Columnismo

Café solo

El alcalde comunista y la moto

22.03.2016 @suvi 2 minutos

Ya han pasado 93 días desde las elecciones generales del 20D y los partidos aún no han llegado a un acuerdo para gobernar España; pero, a pesar del despropósito, hay motivos para la esperanza: PP, PSOE, Podemos y Ciudadanos han pactado por unanimidad tomarse 21 días de vacaciones por Semana Santa. A este primer pacto, estamos dispuestos a sumarnos las 36 510 952 personas del censo electoral, con un 0% de abstención.

¡Con lo difícil que es ponerse de acuerdo para organizar unas vacaciones! Que si organizar los días con el resto de personas del trabajo; decidir entre playa o montaña, ocio o cultura, hotel o campin (o bungaló), con la pareja o con las amistades; comprar billetes asequibles para la fecha y el destino; buscar el alojamiento... ¡Si demostraran la misma agilidad y el mismo consenso para elegir un presidente del gobierno! Presidente en masculino, sin desdoblamiento, no porque así lo imponga la RAE o por economía del lenguaje —¡maldito capitalismo, imponiendo sus leyes hasta en la lengua!—; sino, porque, por ahora, todos los candidatos son hombres, al menos hasta que Susana Díaz conquiste MadridSoraya Sáenz de Santamaría deje de ser perrito faldero de Mariano Rajoy, o Cristina Cifuentes, la eterna promesa del equipo Popular, lleve el brazalete de capitana.

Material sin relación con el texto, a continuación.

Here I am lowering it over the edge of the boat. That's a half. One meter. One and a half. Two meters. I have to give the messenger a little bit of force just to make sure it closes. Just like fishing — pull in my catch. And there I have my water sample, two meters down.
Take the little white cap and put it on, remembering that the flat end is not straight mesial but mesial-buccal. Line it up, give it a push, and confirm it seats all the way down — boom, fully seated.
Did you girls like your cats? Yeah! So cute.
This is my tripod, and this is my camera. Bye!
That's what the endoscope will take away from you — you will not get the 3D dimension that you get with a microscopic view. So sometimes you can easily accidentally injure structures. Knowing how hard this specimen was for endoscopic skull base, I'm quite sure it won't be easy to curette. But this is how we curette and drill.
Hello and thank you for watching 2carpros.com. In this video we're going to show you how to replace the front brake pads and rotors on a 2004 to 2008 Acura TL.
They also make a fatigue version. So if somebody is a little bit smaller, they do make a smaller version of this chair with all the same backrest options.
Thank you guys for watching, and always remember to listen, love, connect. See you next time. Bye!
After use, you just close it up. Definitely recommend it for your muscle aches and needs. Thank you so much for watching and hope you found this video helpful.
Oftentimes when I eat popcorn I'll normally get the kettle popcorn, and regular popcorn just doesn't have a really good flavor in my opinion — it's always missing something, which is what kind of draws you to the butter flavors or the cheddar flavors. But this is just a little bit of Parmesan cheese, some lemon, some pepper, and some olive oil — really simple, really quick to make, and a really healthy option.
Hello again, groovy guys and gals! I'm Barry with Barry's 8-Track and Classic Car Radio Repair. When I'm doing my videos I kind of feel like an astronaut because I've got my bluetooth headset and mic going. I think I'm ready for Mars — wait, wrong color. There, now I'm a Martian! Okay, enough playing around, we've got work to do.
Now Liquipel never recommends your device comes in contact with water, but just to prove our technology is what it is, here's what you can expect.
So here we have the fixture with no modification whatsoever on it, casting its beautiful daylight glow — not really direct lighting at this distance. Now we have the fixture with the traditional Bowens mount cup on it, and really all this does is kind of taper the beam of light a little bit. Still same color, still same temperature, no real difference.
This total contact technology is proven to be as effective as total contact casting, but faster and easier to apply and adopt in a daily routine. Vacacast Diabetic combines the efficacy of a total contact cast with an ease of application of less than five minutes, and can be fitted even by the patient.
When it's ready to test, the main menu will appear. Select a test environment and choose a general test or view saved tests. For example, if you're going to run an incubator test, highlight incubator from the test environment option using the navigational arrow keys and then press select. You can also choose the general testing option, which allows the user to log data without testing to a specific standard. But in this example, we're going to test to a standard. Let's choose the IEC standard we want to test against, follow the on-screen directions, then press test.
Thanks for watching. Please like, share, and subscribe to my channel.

Adónde irán de vacaciones, solo sabemos que Mariano Rajoy estará en Doñana, en el Palacio de las Marismillas, de titularidad estatal, ya que para esto, el presidente en funciones, no necesita que se le otorgue la confianza de la Cámara. Políticos caraduras nos sobran y no solo los de las diputaciones, a quienes tampoco les cuesta llegar a un acuerdo cuando se trata de evitar que les desmonten su chiringuito.

Estas situaciones me recuerdan al chiste del alcalde comunista y la moto:

—Alcalde, ahora que somos comunistas, a quien no tenga casa, vamos a darle una, quitándosela a quien tenga más de una.
—¡Dí que sí! ¡Claro que sí! ¡Reparto justo!
—Eso es, reparto justo, y a todo aquél que tenga dos coches, le quitamos uno para dárselo a quien no tenga.
—¡Claro! ¡Reparto equitativo! ¡Si es tan fácil...!
—Y a todo aquel que tenga moto...
—¡Eh! Eso sí que no, que moto sí que tengo.